New semesters always come with a long checklist of expenses for students. Paying tuition makes sense and could certainly be worse when BYU is one of the most affordable universities in the country. Paying for housing also makes sense, even if Provo landlords and parking can be unbearable.
Still, there is one major expense that has never made any sense to me: textbooks. Students likely know this ordeal well — you head to the BYU Store and search high and low for an American Heritage textbook, finding the last one on the shelf. Then you also have to find the professor-specific workbook before waiting in the obscenely long line and spending a hefty sum. If you’re lucky, you might make it out having spent less than $200.
You think to yourself, “I know! I’ll buy the textbook used and save a bunch of money!” That’s an excellent idea — better for the environment, better for you and better for the person who you’re purchasing the book from. But when you purchase a book used, not a single dollar goes into the pocket of the publisher.
Have you ever really compared the difference between textbooks that are different editions? Between a first and second edition version of a textbook, it’s likely the differences are extremely minor. Maybe 10 pages were added or removed, some spelling errors were corrected, or the glossary was expanded. All ultimately negligible changes, but just enough to alter the page numbers of assignments. Just enough to consider it a “brand new edition” and charge you another $100.
Sometimes, you don’t even get a physical textbook for this price. In several classes at BYU, I had to purchase an “access code” to an online textbook. You would think these codes would be less expensive since there are no costs associated with printing or shipping, but you would be wrong. The codes I had to purchase were no less than $70 every time.
General education courses are often the worst culprits of this. As someone who has completed all her generals, here’s a word of advice to those still working on GEs: you probably don’t need the latest edition of every textbook. If your professor insists on having the latest edition for their course, do your research. How different are the editions, really?
To give credit where it is due, BYU has improved in a few textbook-related areas since my first semester here. Starting this semester, the BYU Store has implemented a textbook price match policy, meaning if you find a better price for the textbook somewhere else, you can get it from BYU for the lower price. Another excellent resource is the library, where a lot of textbooks are available to be used in the study rooms and many are accessible online for free, so long as you have a BYU login.

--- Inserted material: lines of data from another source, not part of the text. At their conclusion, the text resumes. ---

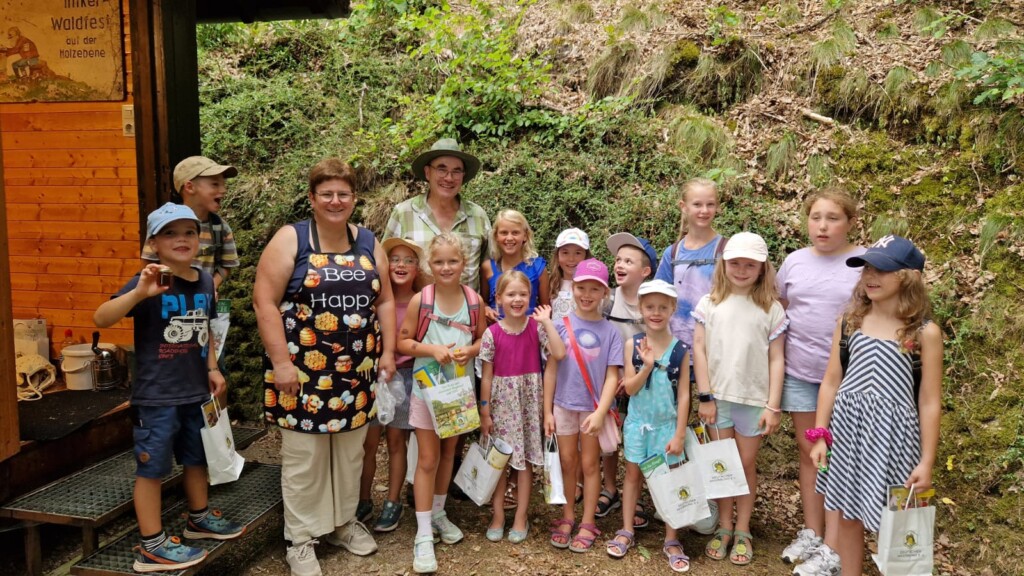 Gruppenbild von lachenden Kindern mit Betreuern vor dem Bienstand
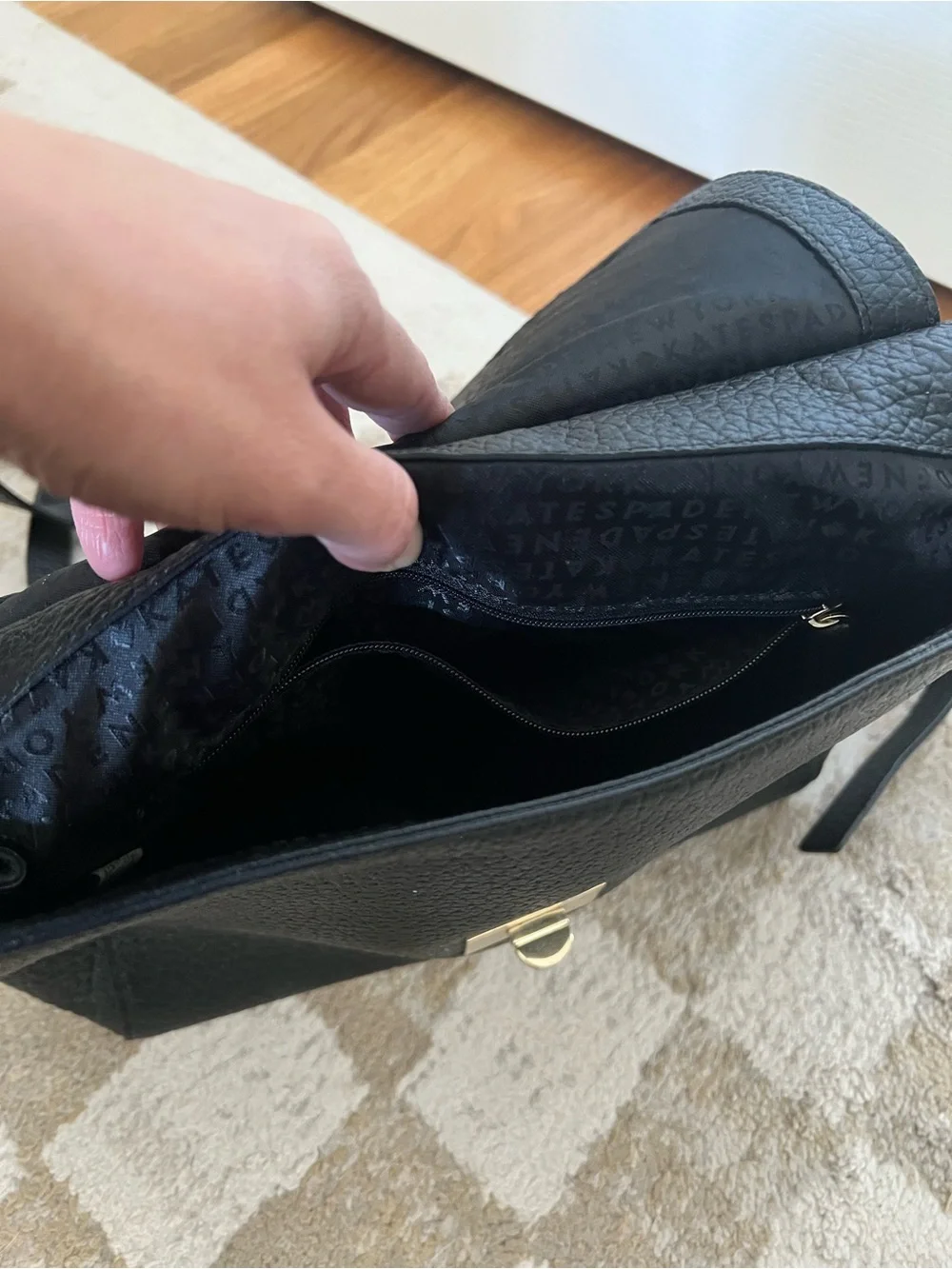 kate spade Black Pebbled Leather Backpack with Gold-Tone Turn Lock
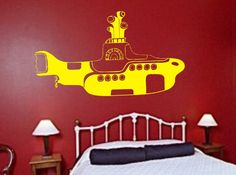 a yellow submarine wall decal in a bedroom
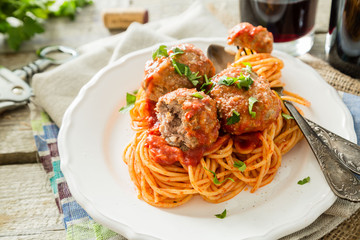 Meat balls and spaghetti on white plate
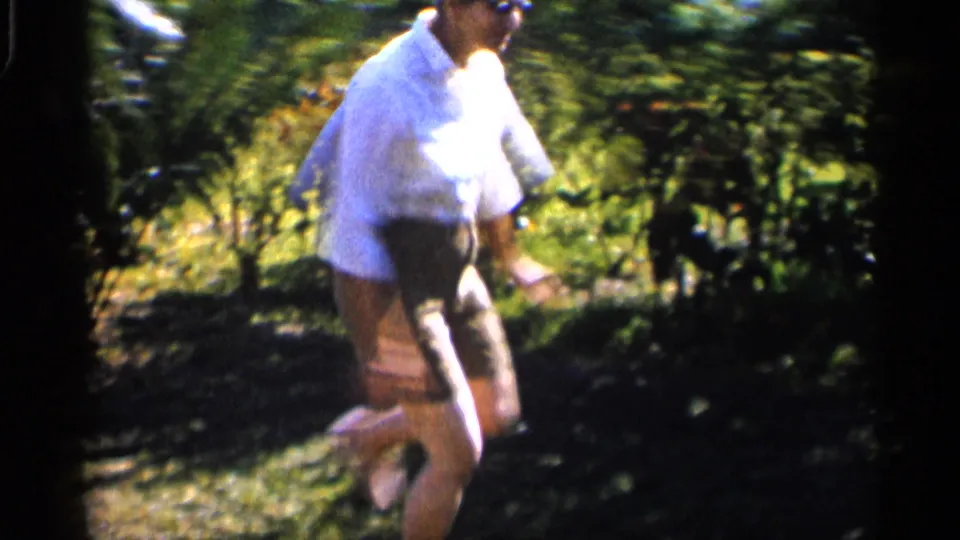 The man stands in the sunny yard holding the coconut, while a second person is partly visible near the edge of the 8mm frame.
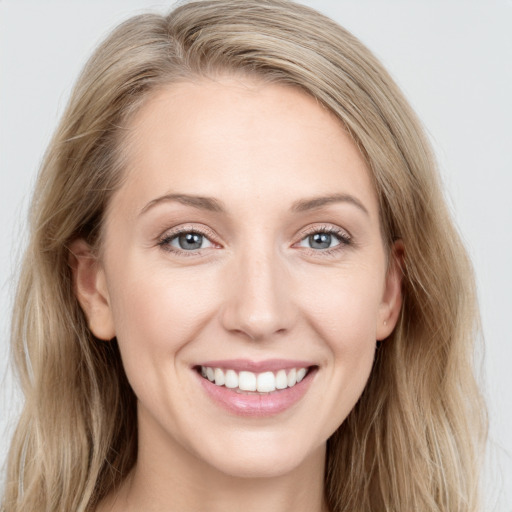 Joyful white young-adult female with long  brown hair and blue eyes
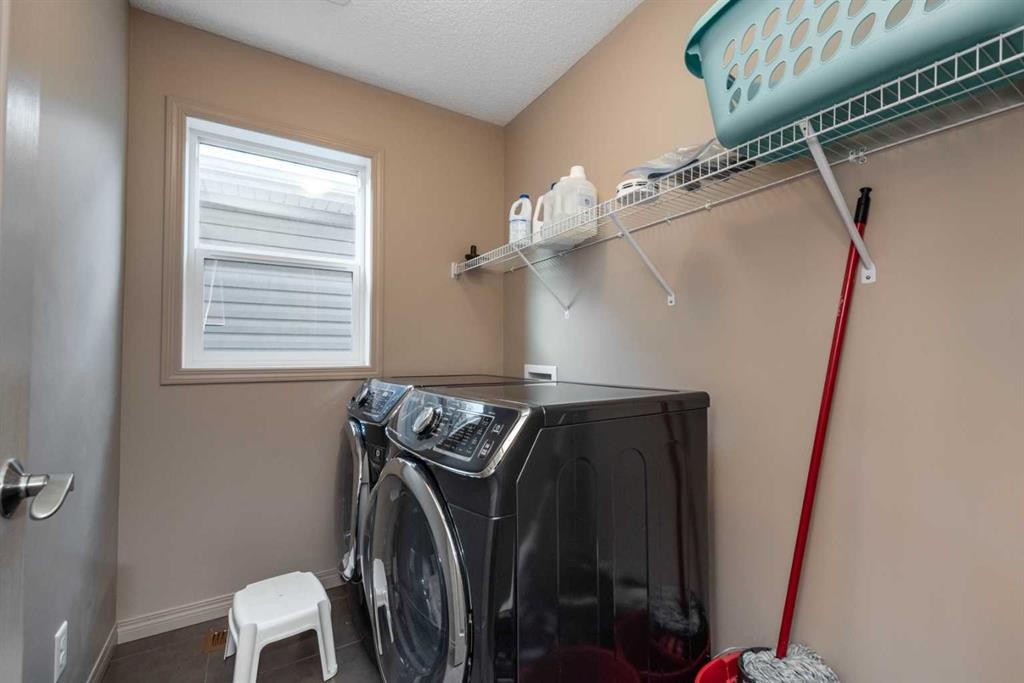 54 Cranford Bay Se, Calgary, AB - Indoor Photo Showing Laundry Room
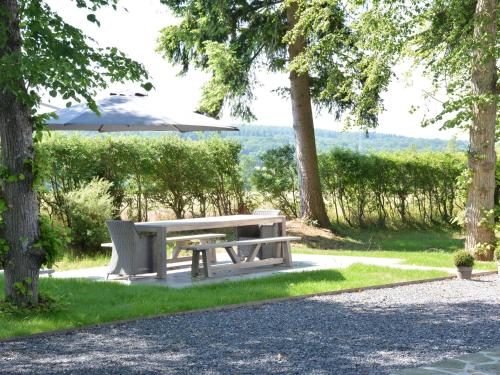 una mesa de picnic y una sombrilla en un parque en Superb holiday home with garden in Serinchamps, en Serinchamps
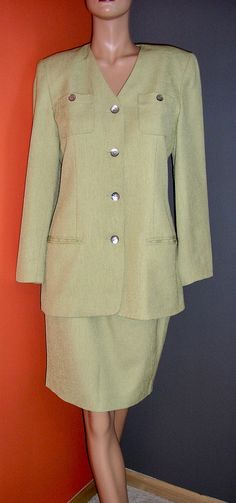 "Vintage 90s, spring, green, long jacket, strong shoulder, skirt suit. By Amanda Smith. Size 6. Shoulder pads. Fully lined. Linen look poly. Excellent condition, no flaws or damage. Appears unworn. Measurements: Jacket: shoulders across front: 15\" chest across front: 19\" waist across front: 17\" hips across front: 20\" sleeve inseam: 16\" with 1\" hem Skirt: waist across front: 13\" hips across front: 19\" length: 24\" Please remember that vintage sizes are often much smaller than contemporary Classic Fitted Green Skirt Suit, Classic Green Fitted Skirt Suit, Green Long Sleeve Formal Skirt Suit, Formal Green Long Sleeve Skirt Suit, Green Fitted Skirt Suit For Formal Occasions, Tailored Green Long Sleeve Skirt Suit, Tailored Green Skirt Suit With Long Sleeves, Classic Spring Skirt Suit With Pockets, Spring Green Fitted Skirt Suit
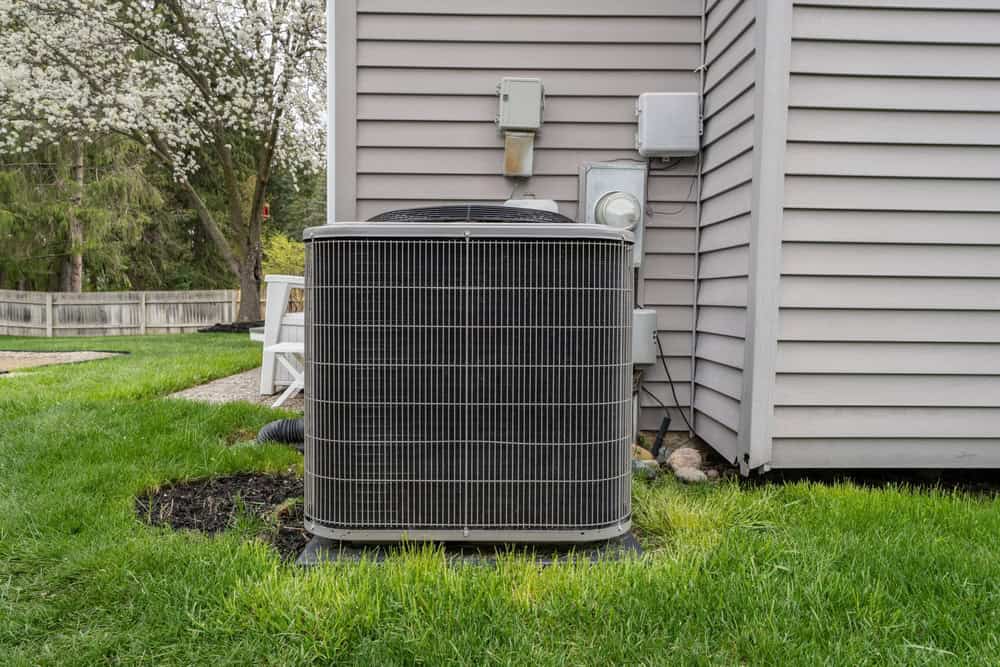 A central air conditioning unit, installed by a trusted HVAC contractor in San Mateo County, CA, sits on a concrete pad outside a house with beige vinyl siding, surrounded by green grass and a flowering tree in the background.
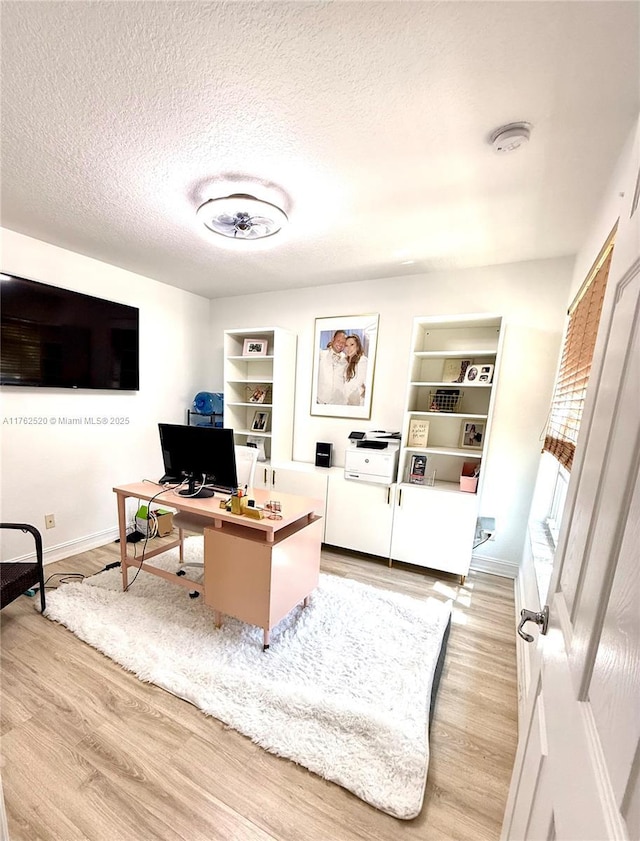 home office with built in features, baseboards, light wood finished floors, and a textured ceiling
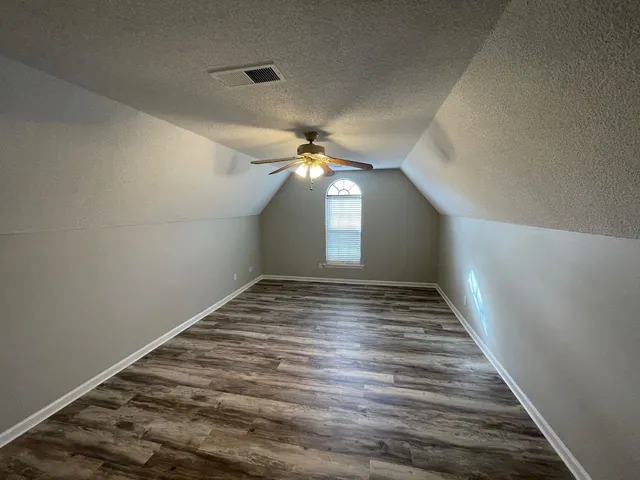 a view of a hallway to a house with stairs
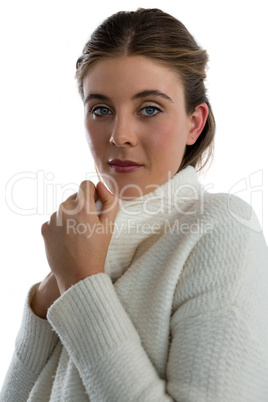 Portrait of young woman wearing sweater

I don’t believe this is a BYU-centric issue, because this sentiment has been echoed by university students across the country. I don’t know that this issue will change any time soon, but I do know that I could have saved a lot of money for the first three years of my college experience if I had known what I know now about textbooks.
Do your research: find textbooks online, rent your textbooks, price-match them, use the library, buy old editions, and do anything you can to save money. You’re already paying for your education, so see the textbook publishing industry for what it really is: a big, fat cash-grab.